23 maio 2015

O topo (de/da) gama



O prospecto parecera-lhe suficientemente interessante para uma segunda leitura e isso era um sinal. Não sabia explicar porque é que as coisas se passavam assim, mas o certo é que se passavam. Dobrou o prospecto e meteu-o no bolso, das calças, note-se, pois se tivesse sido no do casaco o significado seria outro. Sendo no das calças, tratava-se evidentemente de um sinal. Disso não restava a mais pequena dúvida, varridas que foram depois da passagem do funcionário da brigada de limpeza urbana com um aspirador manual, a gasóleo, mau para os ouvidos, olhos e pulmões, mas, pelos vistos, bom para dúvidas, folhas, galhos secos, restos de papel e de copos de plástico.

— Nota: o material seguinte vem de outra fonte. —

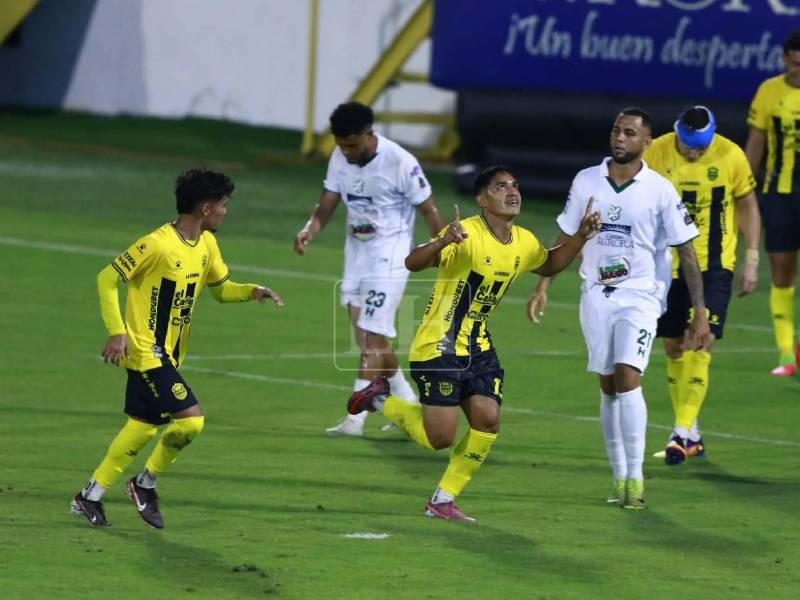 Imágenes del desarrollo del partido.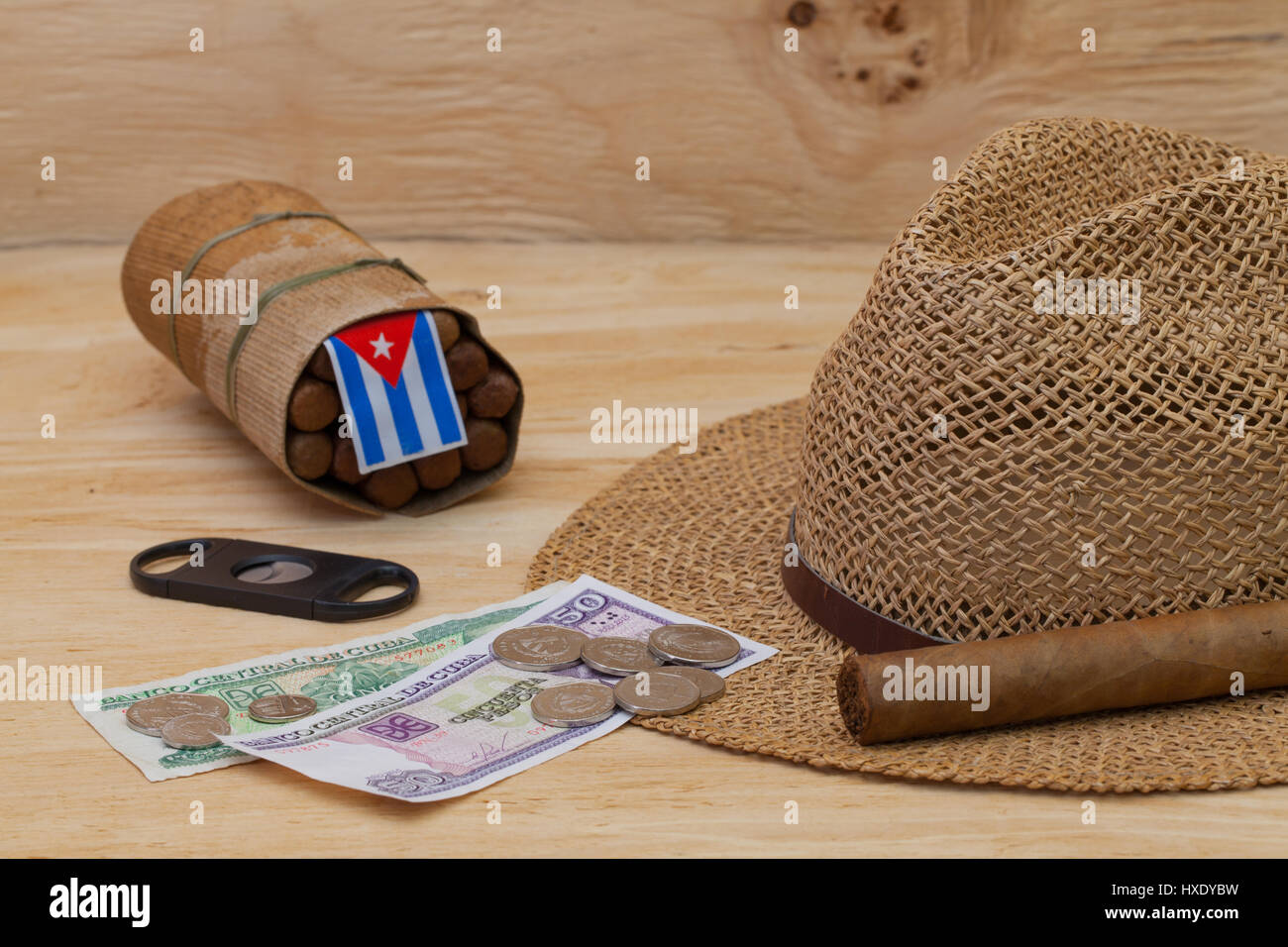 Hombre que llevaba un sombrero para el sol fotografías e imágenes de alta  resolución - Página 4 - Alamy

O prospecto tinha bom aspecto, cheio de cores e de rostos sorridentes. Mais um sinal, portanto. Se fosse a preto e branco e com rostos carrancudos não era a mesma coisa. Mas seria também um sinal, só que de sinal contrário ao do outro. E isso não o interessava. Ficava-se pelo lado das cores e dos sorrisos.
Como todo o prospecto que se preze, ainda para mais com cores bonitas e rostos sorridentes, o que ele lhe propunha era um estilo e um modo de vida condizente. Estes dois costumam andar a par, raramente se vendo sozinhos. Parecem feitos um para o outro e é aí que está o segredo dos bons prospectos. Com os maus isso não se verifica, dai serem maus. O adjectivo deveria ser suficiente, mas infelizmente isso não tem chegado.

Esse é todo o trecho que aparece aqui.